A partir de juillet 1958 l’aspirant de réserve Yannick Lallemand servit comme officier du contingent lors des évènements en Algérie, en tant que chef de section dans un commando de chasse (Kimono 36 ou K36.) Il s’y distingue rapidement et finit la guerre d’Algérie avec le grade de lieutenant de réserve titulaire de deux citations.

A l’issue de sa période militaire le séminariste devenu Lieutenant répond à l’appel de sa première vocation ; il est ordonné prêtre en 1963.

 Il choisit et embrasse la carrière d’aumônier militaire pour être est affecté au 4° REI où son charisme lui vaudra par la suite le surnom dans la Légion de « Le Padré »


En 1981 il quitte une première fois la Légion pour le 1er RCP de PAU, régiment qu’il aura à accompagner dans la douleur et dans l’épreuve lors du lâche attentat de Drakkar du 23 octobre 1983 à Beyrouth au Liban.

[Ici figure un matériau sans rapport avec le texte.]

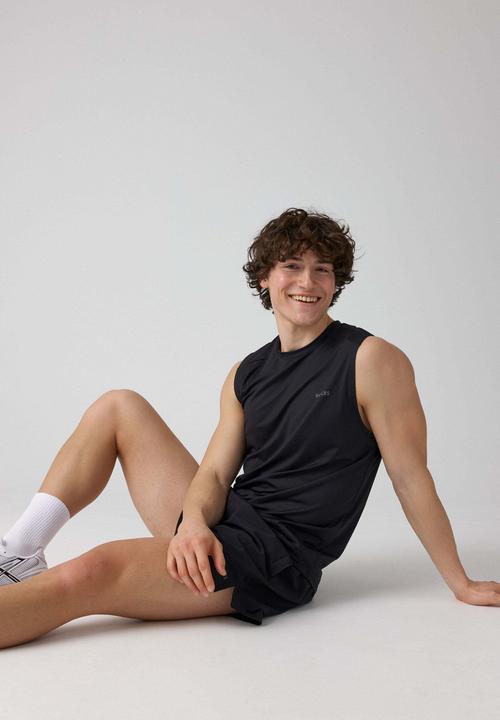 Actual product image Snocks Tank top mesh men (M)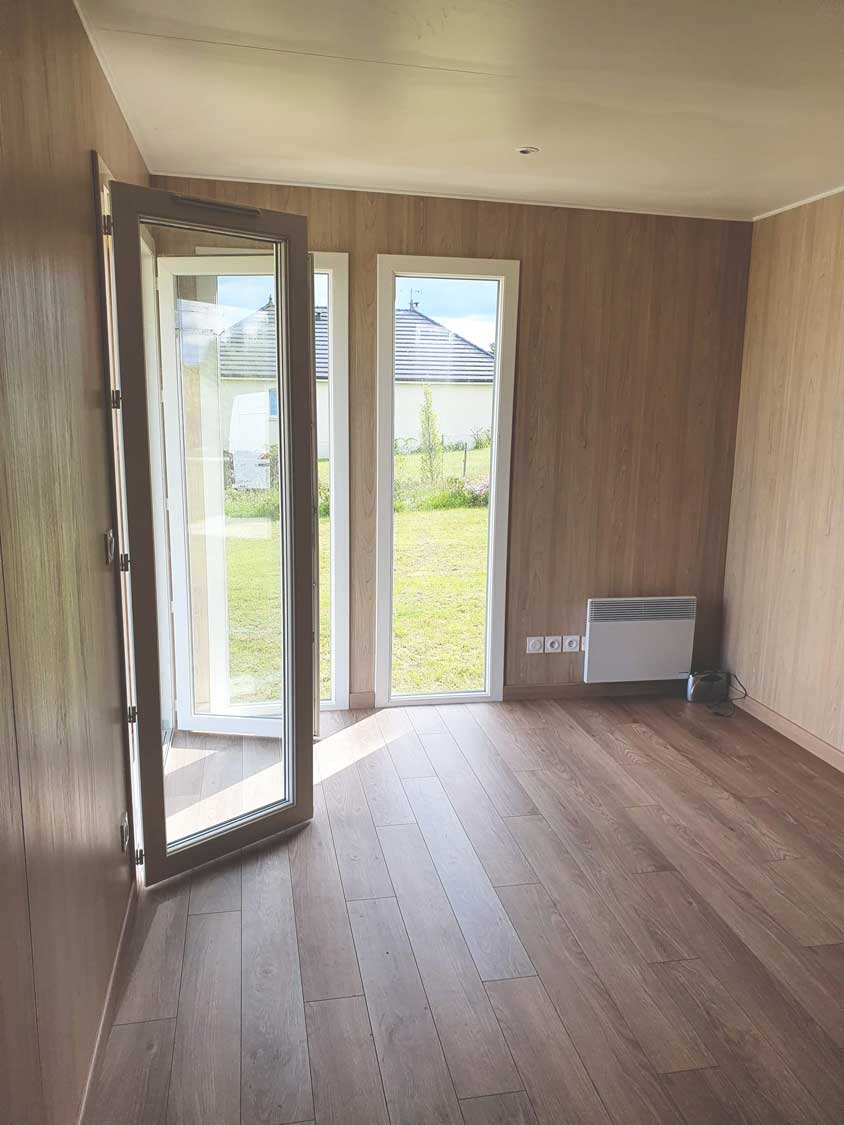 Local professionnel en bois de 20m2 dans le 10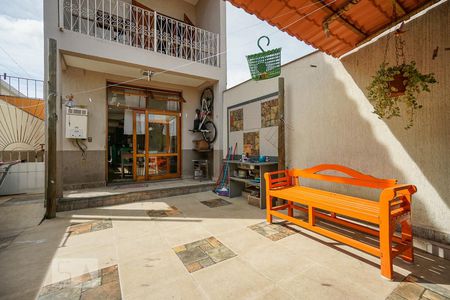 Casa à venda com 238m², 4 quartos e 2 vagasQuintal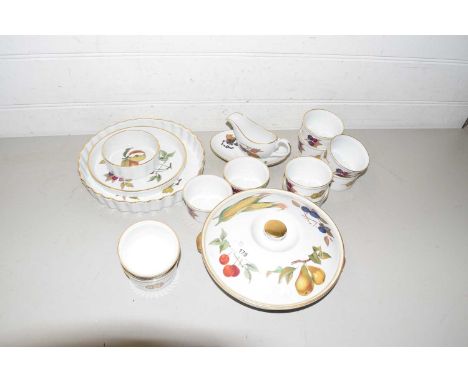 Quantity of Royal Worcester Evesham pattern table wares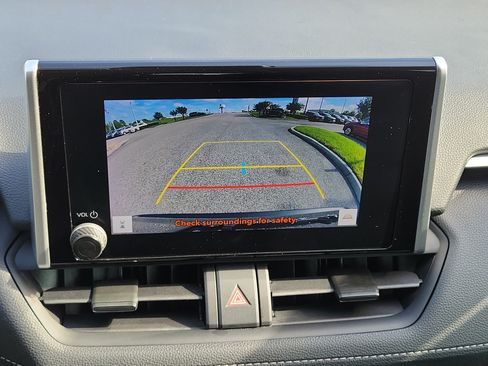 Used 2024 Toyota RAV4 XLE w/ Convenience Package FWD image 29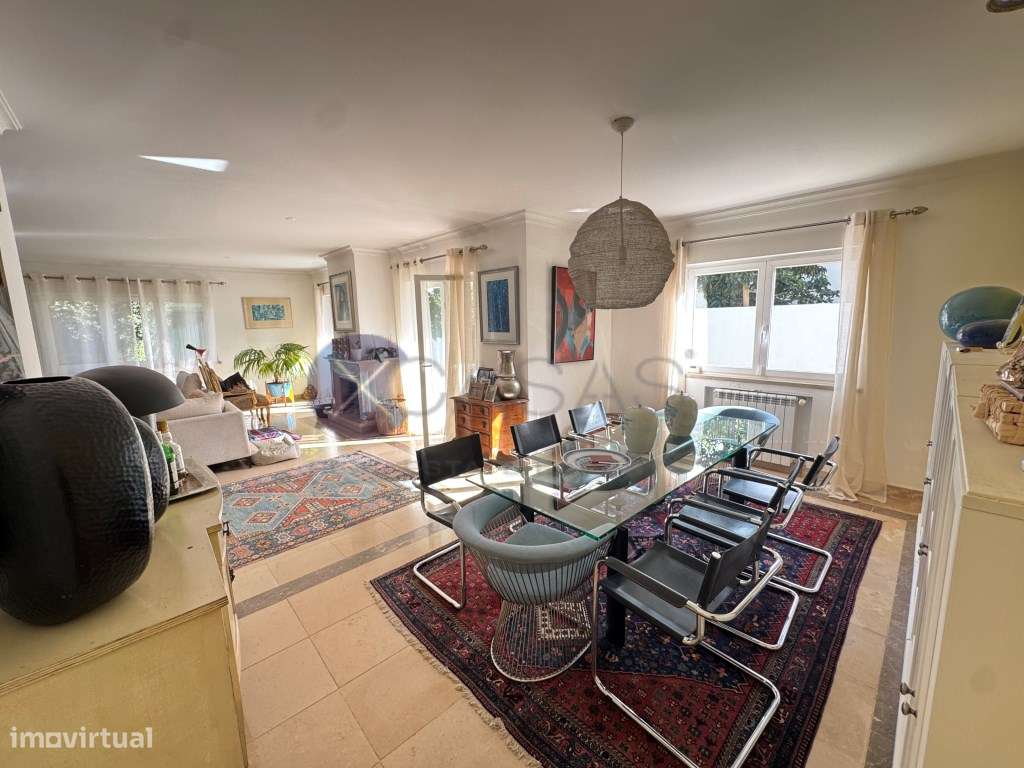 single-family residential building, with a T6 layout, comprising gr...-30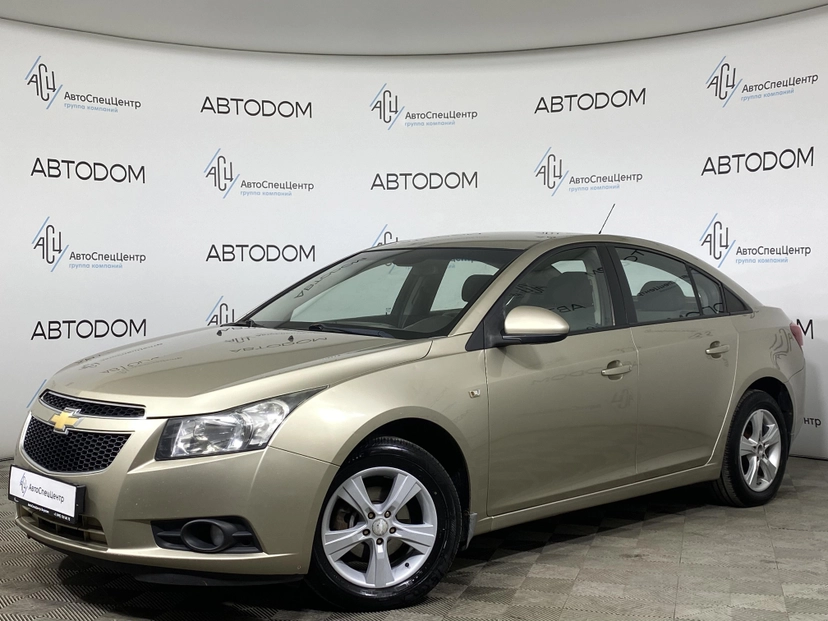 Автомобиль Chevrolet Cruze I поколение (J300) 1.6 AT (109 л.с.) Base Бежевый 2010 с пробегом 285 194 км
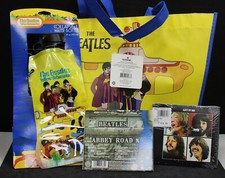 The Beatles YELLOW SUBMARINE Reuseable Swag Bag Tote - New w/Tag - Vandor 2010 comprar usado The Beatles YELLOW SUBMARINE Reuseable Swag Bag Tote - New w/Tag - Vandor 2010 comprar usado  Enviando para Brazil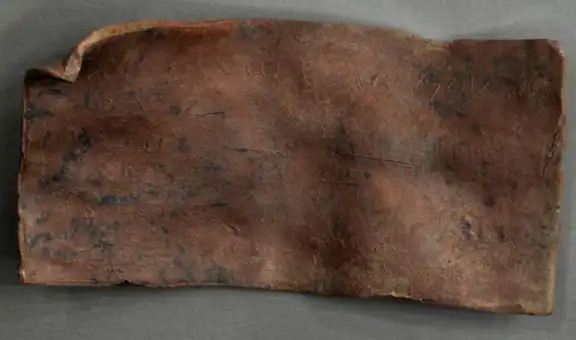 Arqueólogos descifran la maldición de una antigua tablilla: mágicas invocaciones egipcias y escritas en griego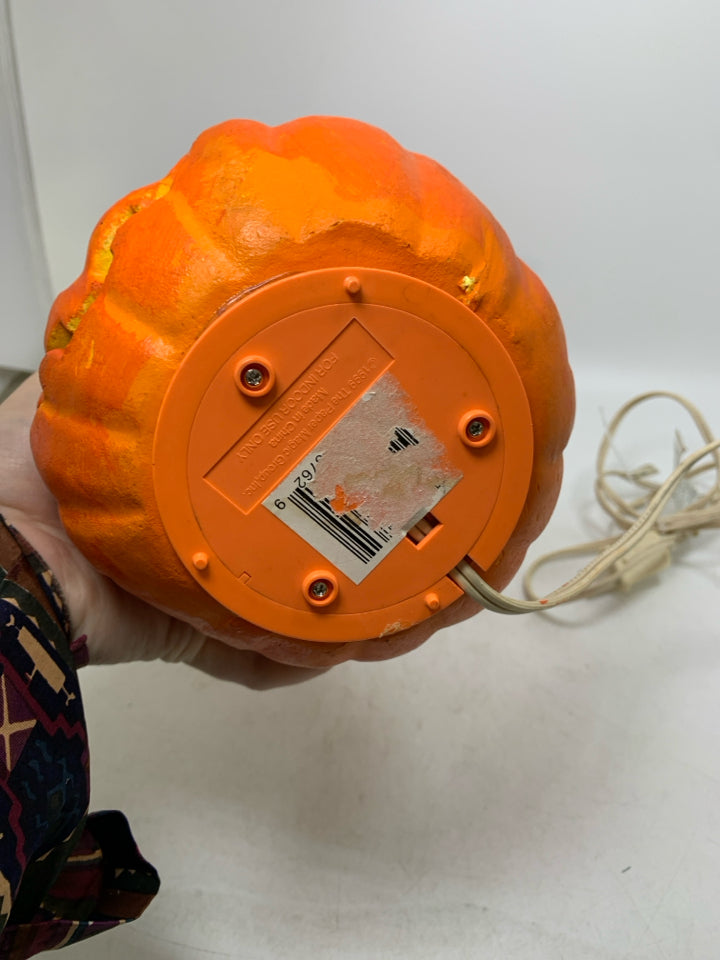 3 STACKED JACKO LANTERNS LIGHT.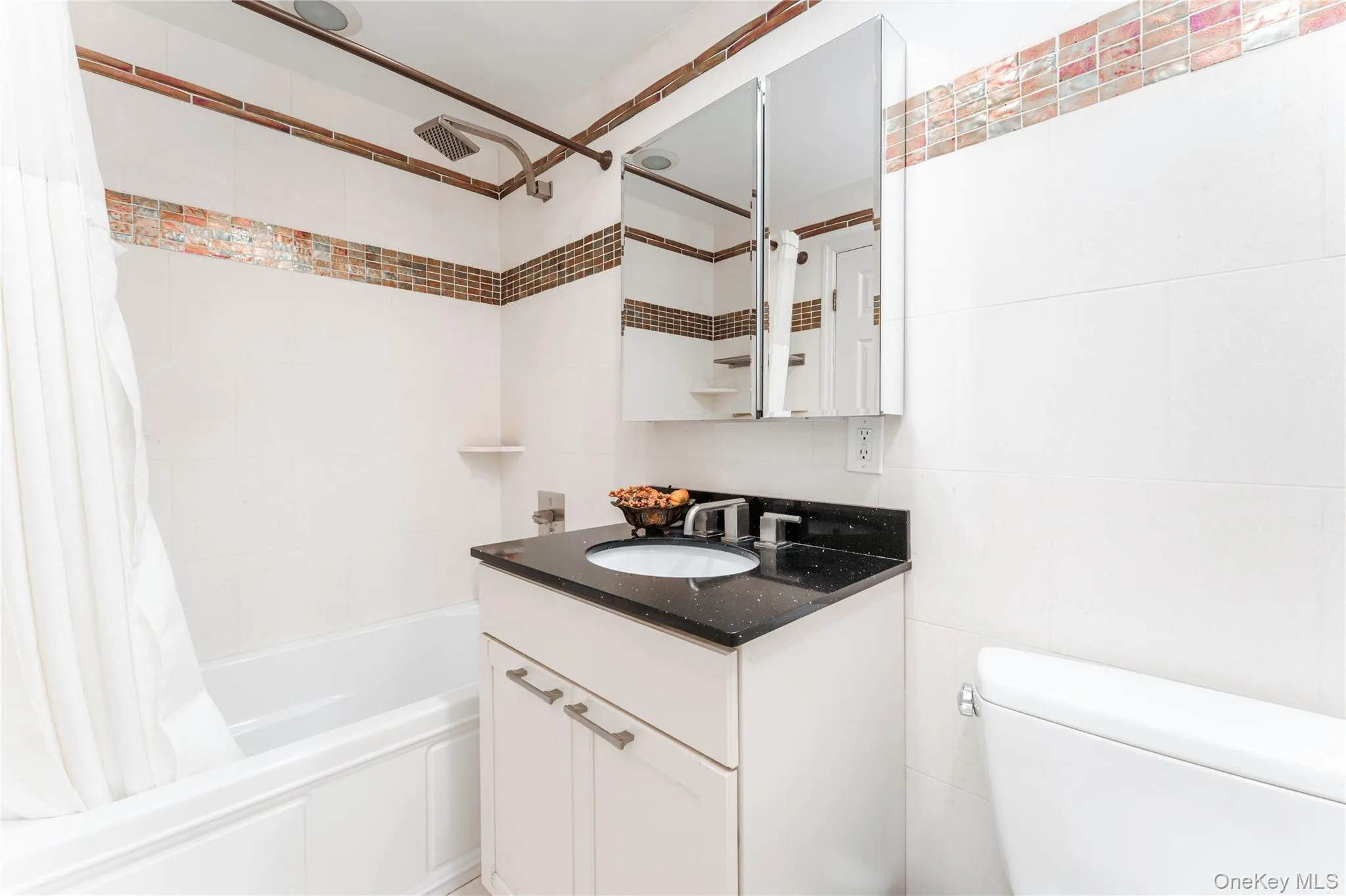 200 South Middle Neck Road, North Hempstead, NY, 3 Bedrooms Bedrooms, 7 Rooms Rooms,2 BathroomsBathrooms,Residential,For Rent,South Middle Neck,0,969170 200 South Middle Neck Road, North Hempstead, NY, 3 Bedrooms Bedrooms, 7 Rooms Rooms,2 BathroomsBathrooms,Residential,For Rent,South Middle Neck,0,969170
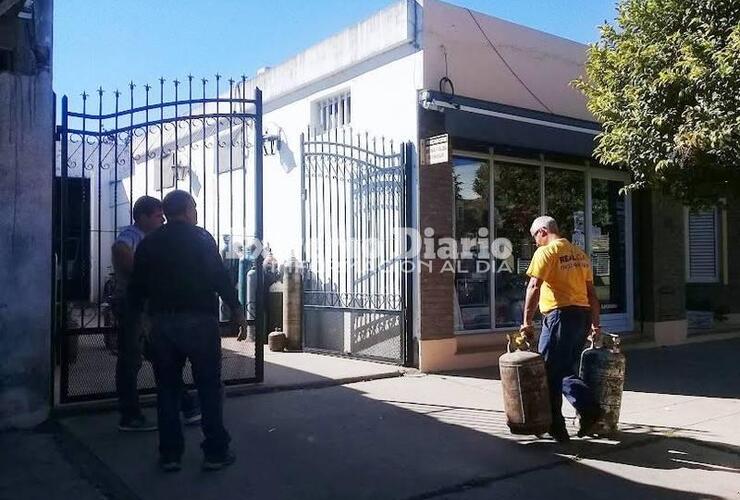 Ladrones ágiles. Los autores del hecho treparon por el portón de rejas y se alzaron con lo robado.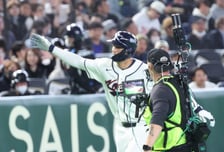 [포토]'3회말 달아나는 솔로포' 위트컴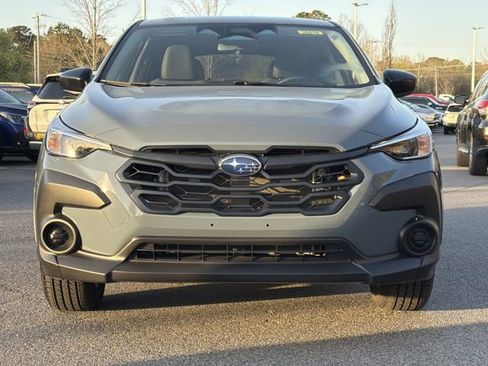 Used 2025 Subaru Crosstrek 2.0i image 8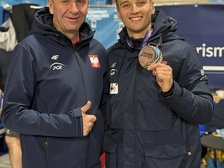 Jan Kałusowski wraz z trenerem po zdobyciu medalu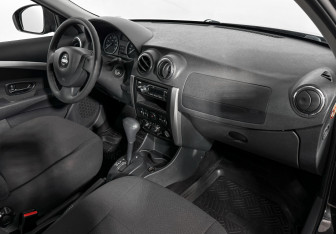 Подержанный автомобиль Nissan Almera Sedan 2015 года (12 фото)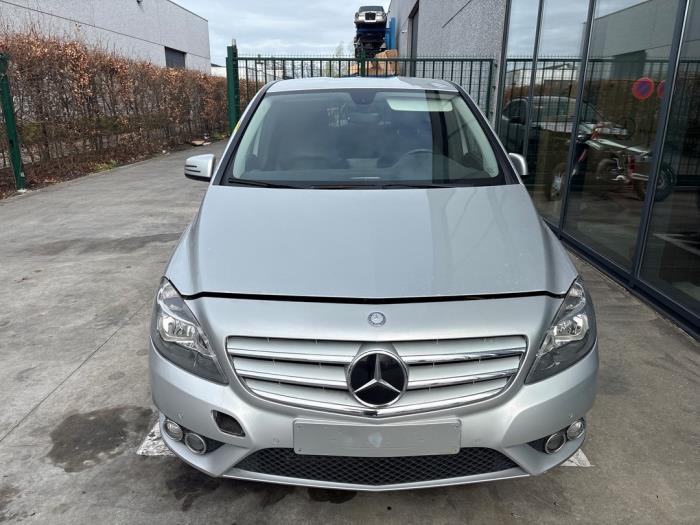 Mercedes B-Klasse V1223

Malgré l’annonce entre temps de son affectation au 3ème RPIMa de Carcassone, il obtient de rester quelques temps à Beyrouth pour aider spirituellement les victimes de l’attentat ainsi que physiquement les secouristes. Il sera d’ailleurs cité pour son obstination dans la recherche des survivants.

En 1984 et en 1986, il participe aux opérations Manta et Epervier, au cours desquelles il est encore cité. Après ses séjours au Tchad il est affecté en Nouvelle-Calédonie, puis en République centrafricaine.

Touché par le triste sort des militaires Tchadien qu’il avait côtoyés pendant ses séjours, il quitte en 1986 l’uniforme et l’armée française et devient aumônier catholique au sein de l’armée tchadienne. Il y restera pendant 10 ans.  En poste, il côtoie la misère et le dénuement, ce qui le renforcera dans sa foi et dans son abnégation au service des plus défavorisés.

Engagé dans sa nouvelle ‘Mission’, il fait du presbytère de Faya-Largeau son quartier général, d’où il rayonnera pour aller rebâtir l’église du désert….

« Nous avons reconstruit une vingtaine d’églises, écroulées ou détruites par les Libyens qui avaient d’ailleurs transformé celle de Faya en latrines. A Mao, nous avons commencé notre reconstruction avec deux fidèles et puis, j’ai vu l’Esprit Saint et nous nous sommes retrouvés à deux cents ».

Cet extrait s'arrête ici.